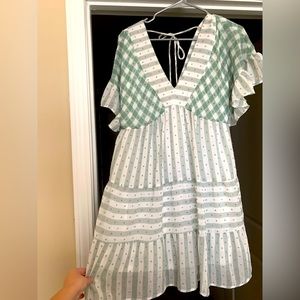White & Green dress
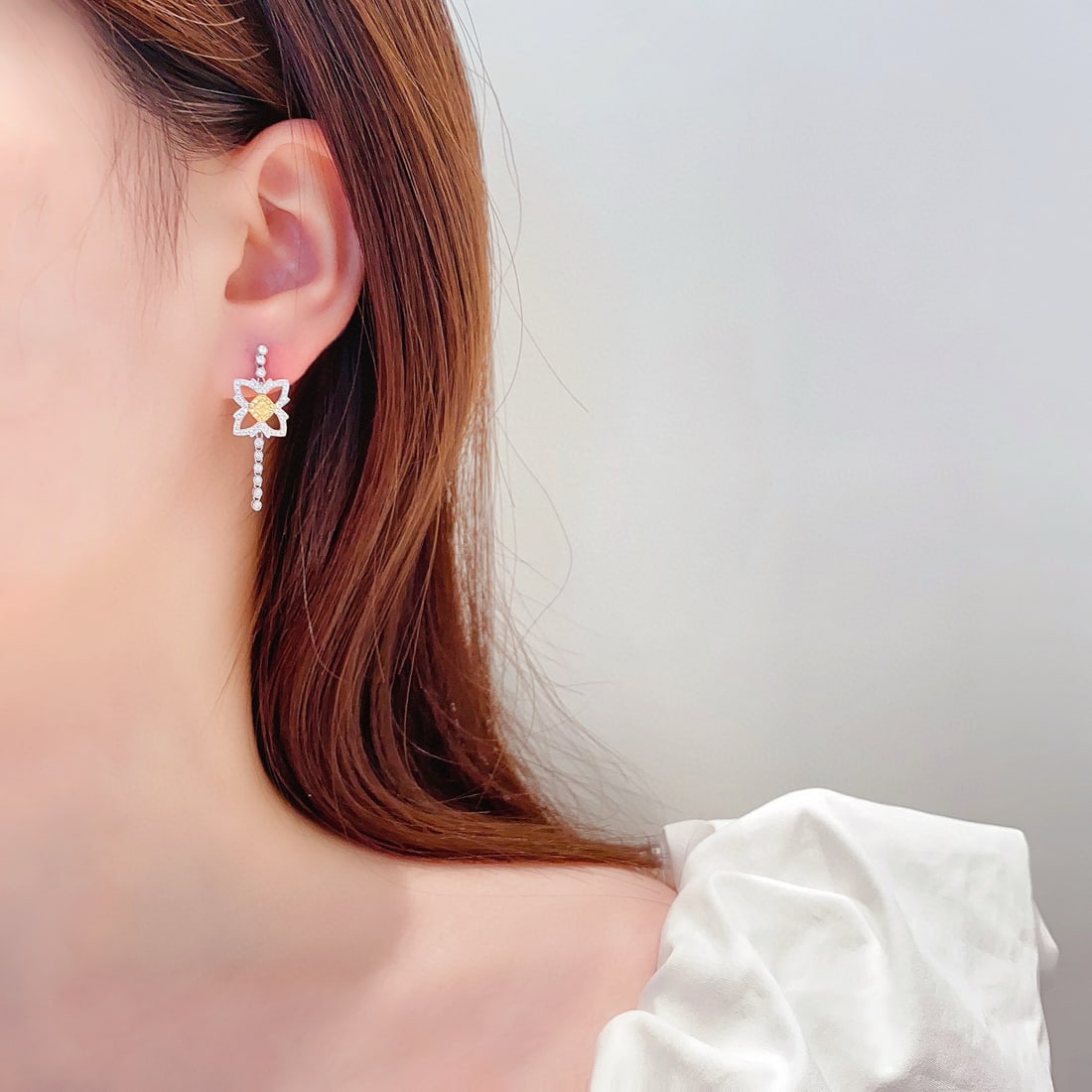 14k Gold 0.81 Ctw Natural Yellow Diamond & Diamond Earrings - 2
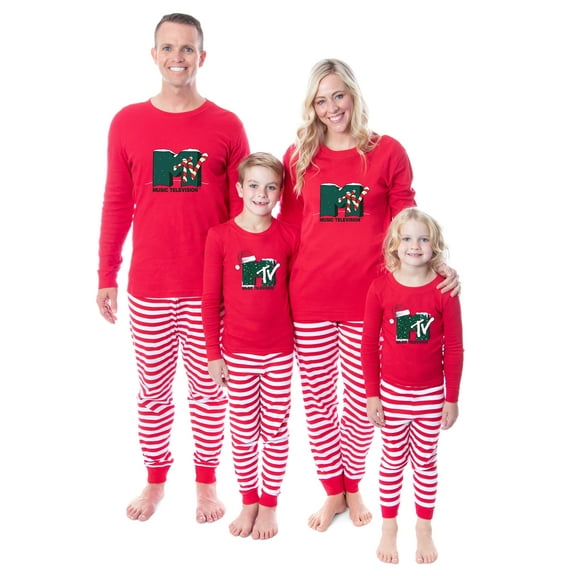 MTV Christmas Music Television Logo Tight Fit Family Pajama Set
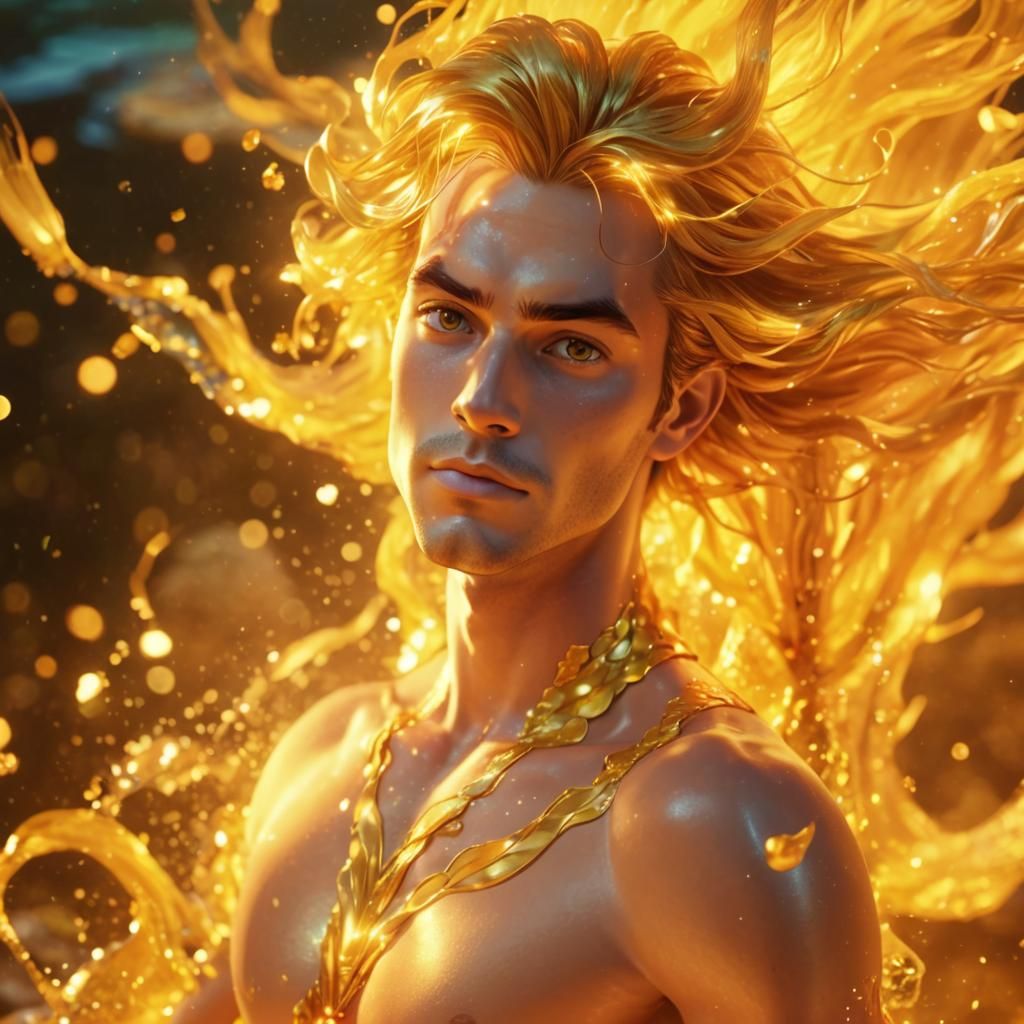 Anime Merman with Golden Eyes in Digital Art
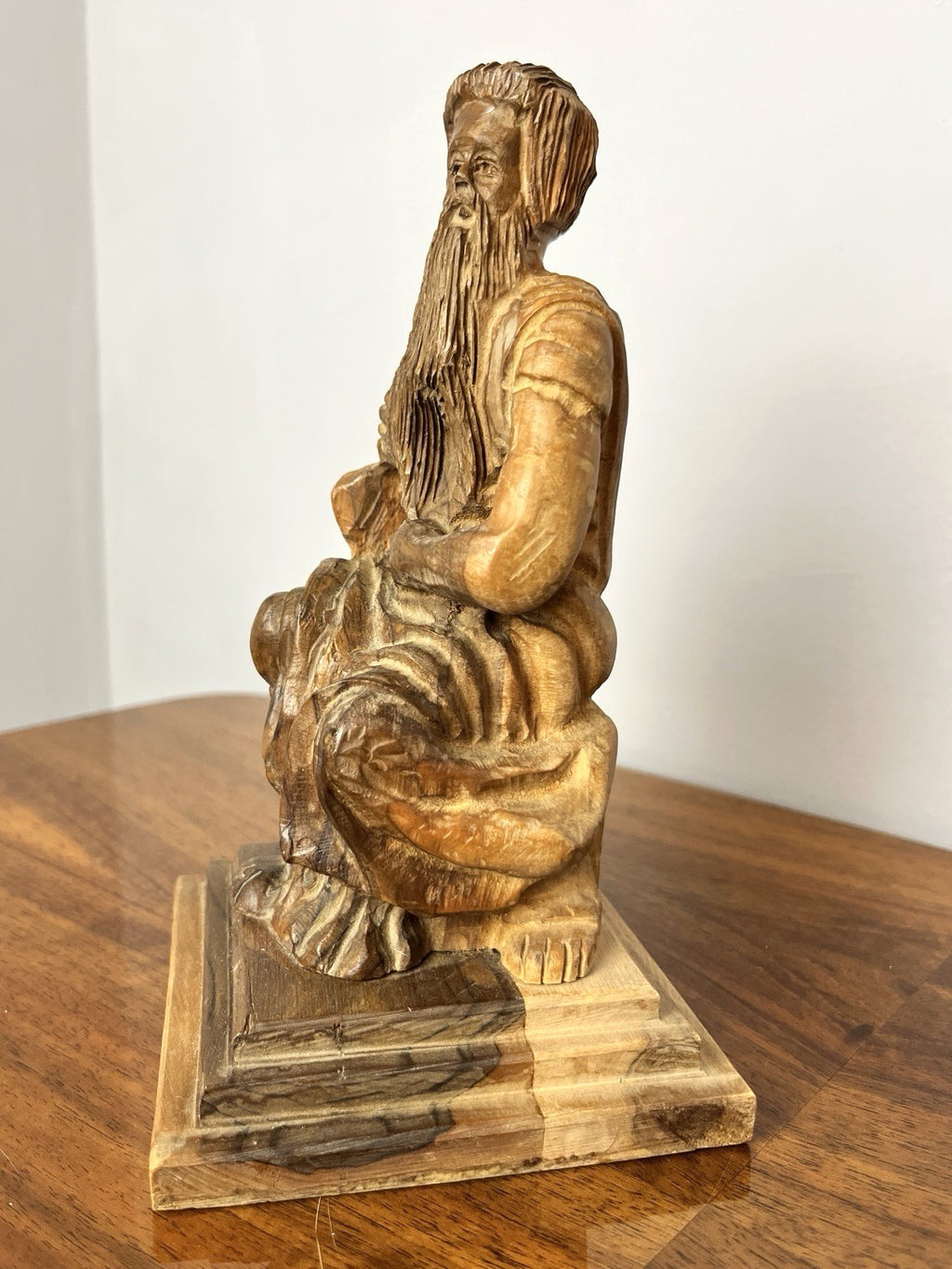 Vintage Olive Wood Moses Sculpture Figure – Hand Carved Religious Statue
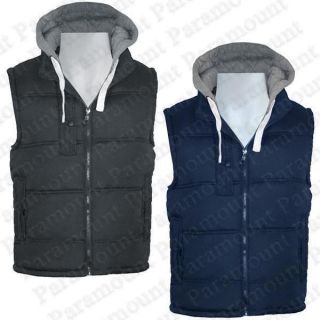 Jersey Hood Full Zip Quilted Padded Bodywarmer Gilet Jacket Boys Size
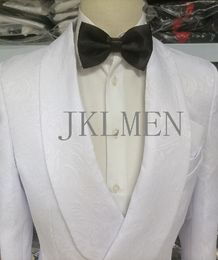 Custom Pour Hommes Made Groomsmen White Pattern Groom Tuxedos Shawl Lapel Suits 2PCS Wedding ( Jacket+Pants )Costume Homme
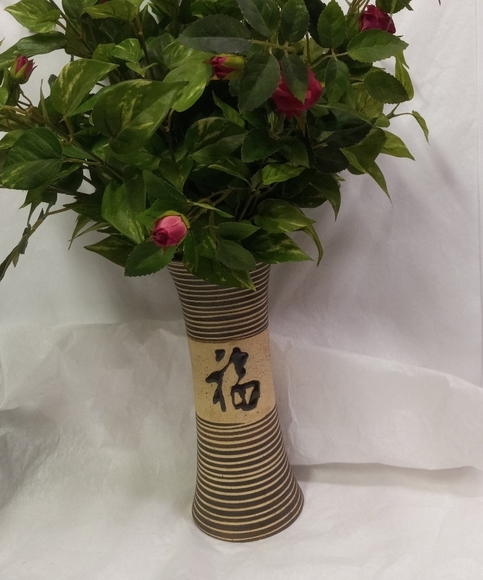 3d Handmade Vase Pottery Handpainted Beige  Signed VGT Wear Rare Collectible - Picture 2 of 7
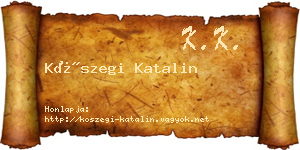 Kőszegi Katalin névjegykártya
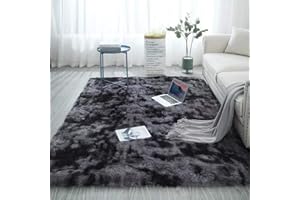 Blivener Soft Touch Area Rug Bedroom Anti-Skid Yoga Carpet Shaggy Rugs Fluffy Motley Tie-dye Carpets Dark Grey 120 x 160 cm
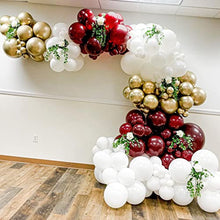 Load image into Gallery viewer, Balloon Garland Kit Burgundy Gold Party Decorations Balloons Arch Kit White Metallic Gold and Burgundy Double-Stuffed Latex Balloons for Girls Women Birthday Party Wedding Decorations Anniversary
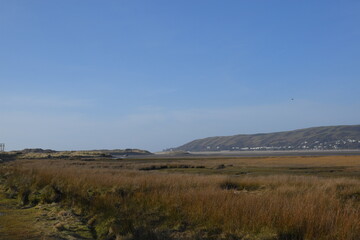 Fototapeta premium a view of ynyslas beach where the dyfi meets the see and where the cars usually park during the busy summers
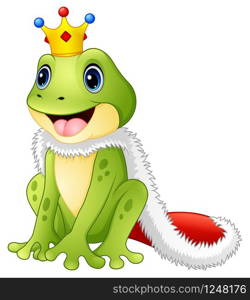 Vector illustration of Cute king frog cartoon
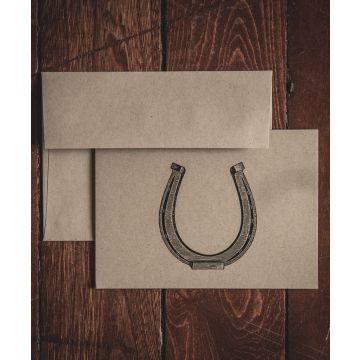 Single Folded Note Card With Design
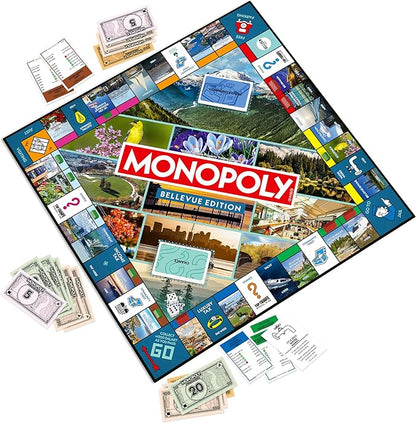 Monopoly Board Game – Bellevue WA Edition: 2-6 Players Family Board Games for Kids and Adults Board Games for Kids 8 and Up Great for Game Night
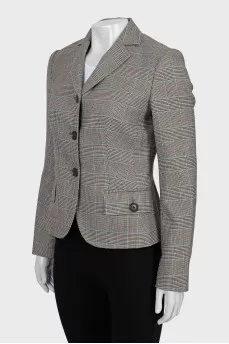 Wool jacket in check print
----------------------------------------
Find the line containing "14k Gold 0.81", then extract it and every line after it to the end of the data above, exactly and nothing else, without pictures.

## SOLUTION FOR THIS TASK
 14k Gold 0.81 Ctw Natural Yellow Diamond & Diamond Earrings - 2
 MTV Christmas Music Television Logo Tight Fit Family Pajama Set
 Anime Merman with Golden Eyes in Digital Art
 Vintage Olive Wood Moses Sculpture Figure – Hand Carved Religious Statue
 Jersey Hood Full Zip Quilted Padded Bodywarmer Gilet Jacket Boys Size
 Custom Pour Hommes Made Groomsmen White Pattern Groom Tuxedos Shawl Lapel Suits 2PCS Wedding ( Jacket+Pants )Costume Homme
 3d Handmade Vase Pottery Handpainted Beige  Signed VGT Wear Rare Collectible - Picture 2 of 7
 Kőszegi Katalin névjegykártya
 Blivener Soft Touch Area Rug Bedroom Anti-Skid Yoga Carpet Shaggy Rugs Fluffy Motley Tie-dye Carpets Dark Grey 120 x 160 cm
 Load image into Gallery viewer, Balloon Garland Kit Burgundy Gold Party Decorations Balloons Arch Kit White Metallic Gold and Burgundy Double-Stuffed Latex Balloons for Girls Women Birthday Party Wedding Decorations Anniversary
 Fototapeta premium a view of ynyslas beach where the dyfi meets the see and where the cars usually park during the busy summers
 Vector illustration of Cute king frog cartoon
 Single Folded Note Card With Design
 Monopoly Board Game – Bellevue WA Edition: 2-6 Players Family Board Games for Kids and Adults Board Games for Kids 8 and Up Great for Game Night
 Wool jacket in check print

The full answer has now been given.